Provided records section start
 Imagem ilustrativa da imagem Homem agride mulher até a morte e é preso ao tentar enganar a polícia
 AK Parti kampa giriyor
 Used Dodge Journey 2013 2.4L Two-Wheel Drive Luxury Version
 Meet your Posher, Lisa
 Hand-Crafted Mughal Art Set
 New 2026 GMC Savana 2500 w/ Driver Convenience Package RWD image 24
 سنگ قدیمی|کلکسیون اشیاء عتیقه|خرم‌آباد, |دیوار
Provided records section end
Provided records section start
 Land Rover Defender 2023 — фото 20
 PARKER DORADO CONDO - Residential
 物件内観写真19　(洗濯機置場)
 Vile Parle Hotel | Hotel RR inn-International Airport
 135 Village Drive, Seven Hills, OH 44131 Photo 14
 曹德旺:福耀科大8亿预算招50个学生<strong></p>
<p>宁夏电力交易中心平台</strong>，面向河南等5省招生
Provided records section end
Provided records section start
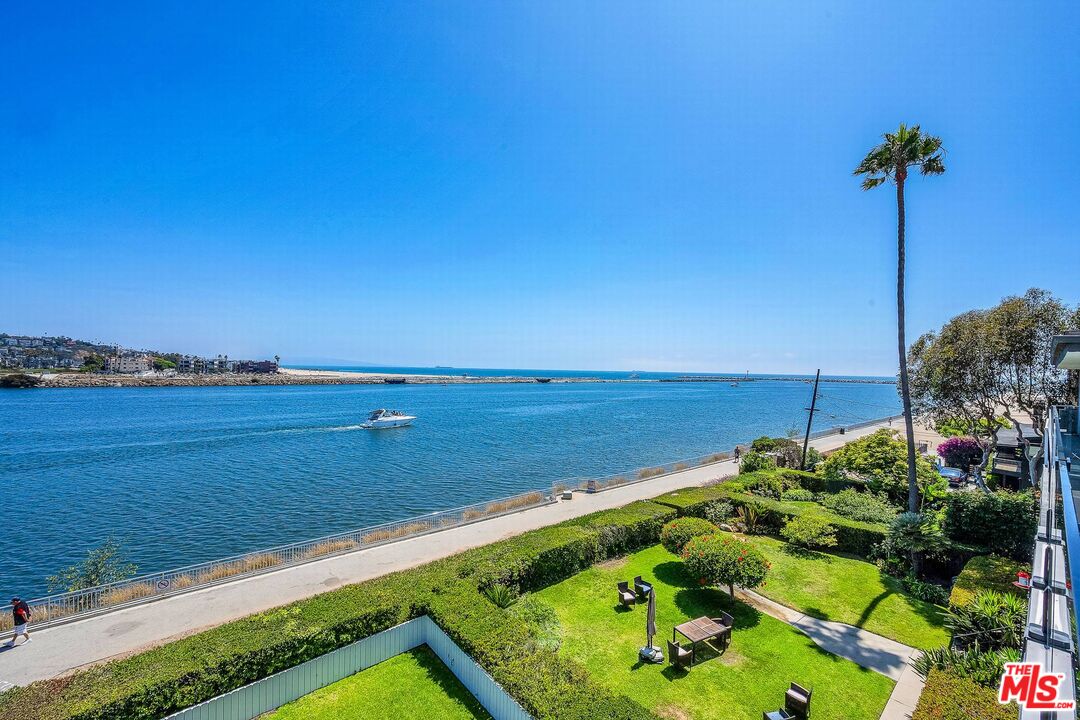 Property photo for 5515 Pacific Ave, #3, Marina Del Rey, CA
Provided records section end
Goal of the exercise —
In the entries above, one line contains "物件内観写真19　(洗濯機置場)" and another contains "<p>宁夏电力交易中心平台</strong>，面向河南等5省招生". Reproduce exactly those two lines and the lines between them, nothing else.

Result of the task —
 物件内観写真19　(洗濯機置場)
 Vile Parle Hotel | Hotel RR inn-International Airport
 135 Village Drive, Seven Hills, OH 44131 Photo 14
 曹德旺:福耀科大8亿预算招50个学生<strong></p>
<p>宁夏电力交易中心平台</strong>，面向河南等5省招生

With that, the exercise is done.